O CENTRONAVE – Centro Nacional de Navegação Transatlântica, entidade que representa empresas de navegação, lamenta e repudia o inoportuno reajuste de 16,7% nos valores das tarifas do Porto de Santos, autorizado pela ANTAQ a pedido da CODESP – Companhia  Docas do Estado de São Paulo.

Trata-se de mais um elevado e injustificável reajuste feito este ano sem qualquer transparência para os usuários e para a sociedade, como os ocorridos em Suape  (+15,28%!), Salvador e outros portos, autorizados pela ANTAQ.

O CENTRONAVE entende que tal índice de reajuste das Tarifas de Santos, o principal porto do Brasil, responsável pela movimentação de 40% do total dos contêineres do país, é injustificável especialmente pelo grave momento que a economia brasileira atravessa, e tendo a CODESP apresentado lucro expressivo no exercício de 2017.

Mais uma vez o Custo-Brasil é agravado, atingindo usuários e operadores de várias categorias e de diferentes ramos de atividade, sem transparência, algo fundamental em situações de serviços prestados em condições de monopólio.  Em outras palavras, com impacto negativo imposto a toda a cadeia exportadora nacional, que no momento trava uma dura luta para ser mais competitiva no comércio global.

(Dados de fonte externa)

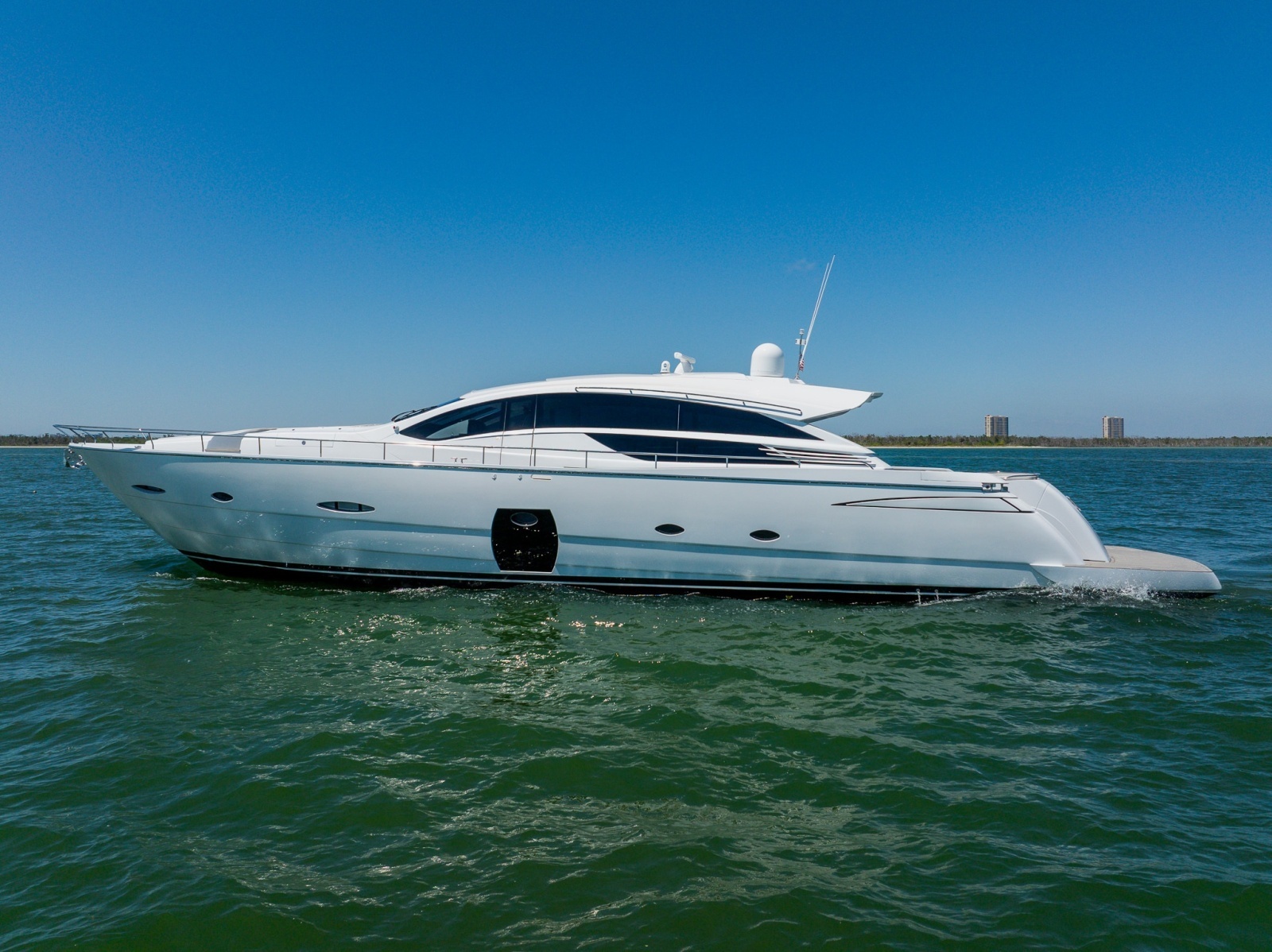 HAWK 80ft Pershing Yacht For Sale
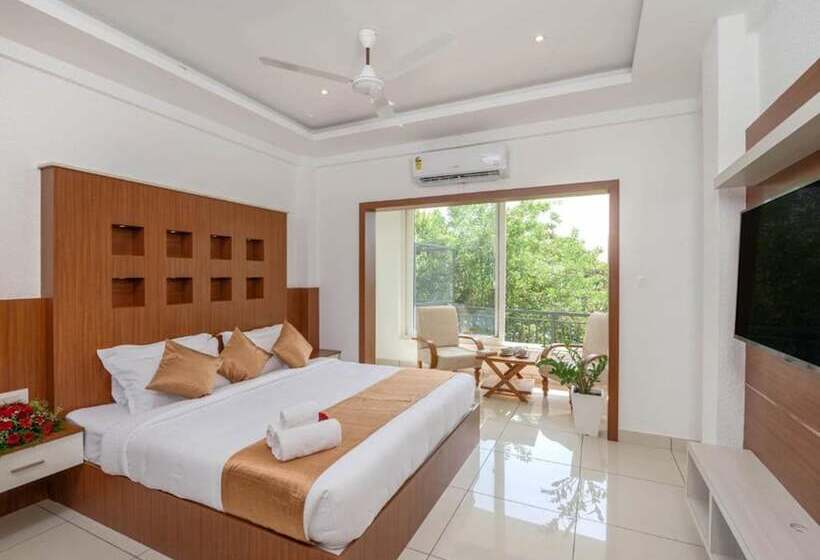 Sprise Munnar Resort And Spa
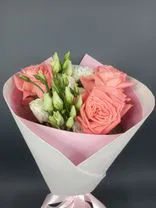 Фото флориста 3: Букет из роз, лизиантусов и гвоздик «Первый снег»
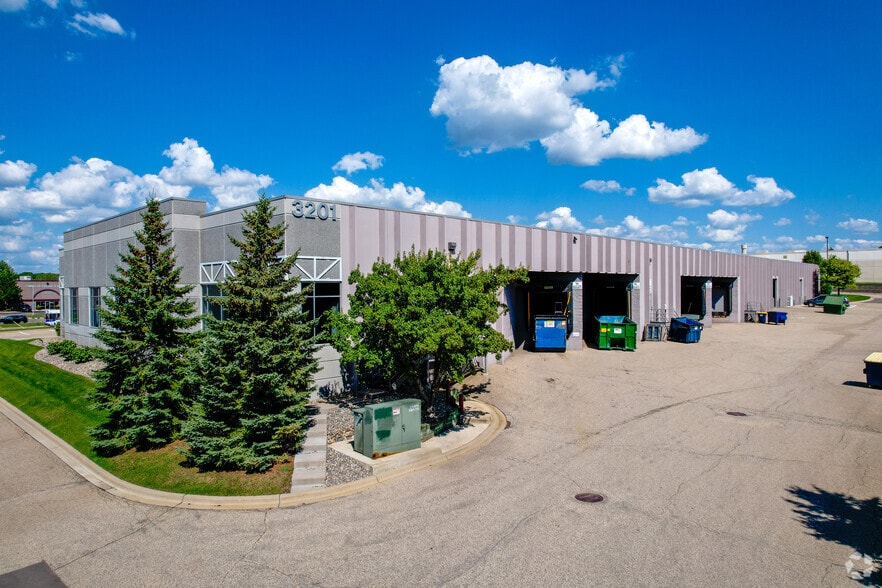 More Photos Of 3201 County Road 42 W, Burnsville Showroom For Lease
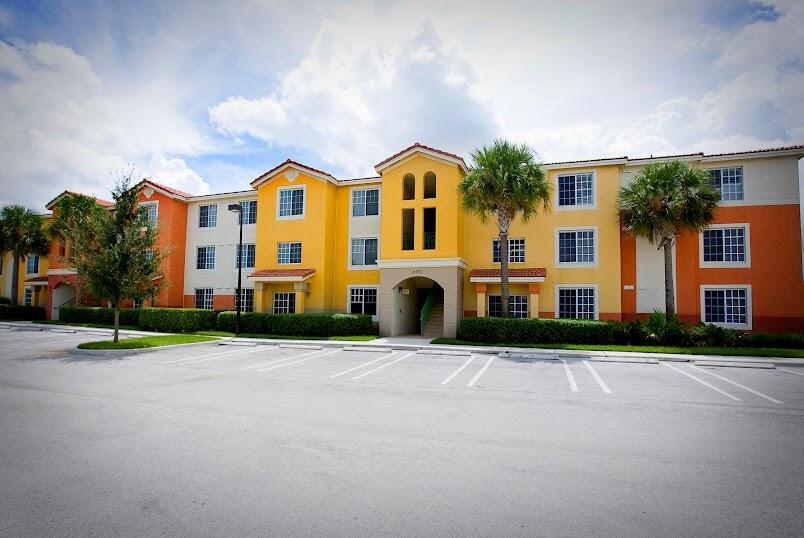 6769 Heritage Grande 2205 2205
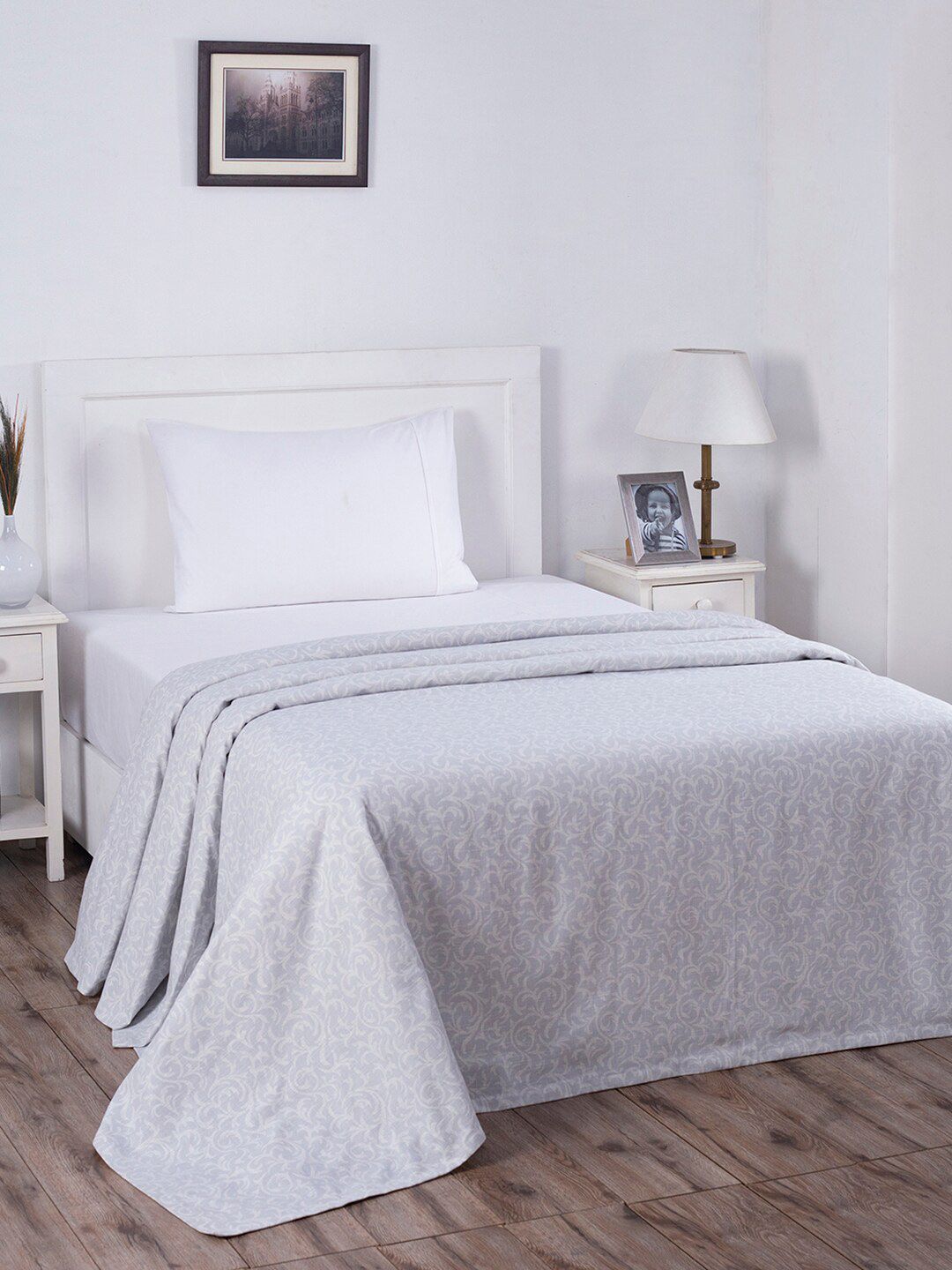 MASPAR Grey & White Printed Single Bed Cover With Pillow Cover Price in India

O índice de 16,7% autorizado pela ANTAQ é linear, ou seja, a ser aplicado às Tabelas I, II e V da CODESP sem qualquer distinção, diferenciação ou justificativa econômico-financeira conhecida e aceitável, tendo implicações para o segmento de navegação sem contrapartidas operacionais.

O CENTRONAVE espera que o Ministério da Fazenda e o Ministério dos Transportes, Portos e Aviação Civil (MTPAC) revoguem esse reajuste, e se reserva o direito de tomar as medidas que julgar cabíveis para defender os interesses de seus associados, e, em última análise, por consequência, de seus clientes e parceiros operacionais.

Fundado em 1907, voltado para o desenvolvimento da navegação e do comércio exterior, o CENTRONAVE representa as principais empresas de navegação de contêineres em operação no país no longo curso, num total de 22 associadas, responsáveis por mais de 90% do volume total de nosso comércio exterior em contêineres.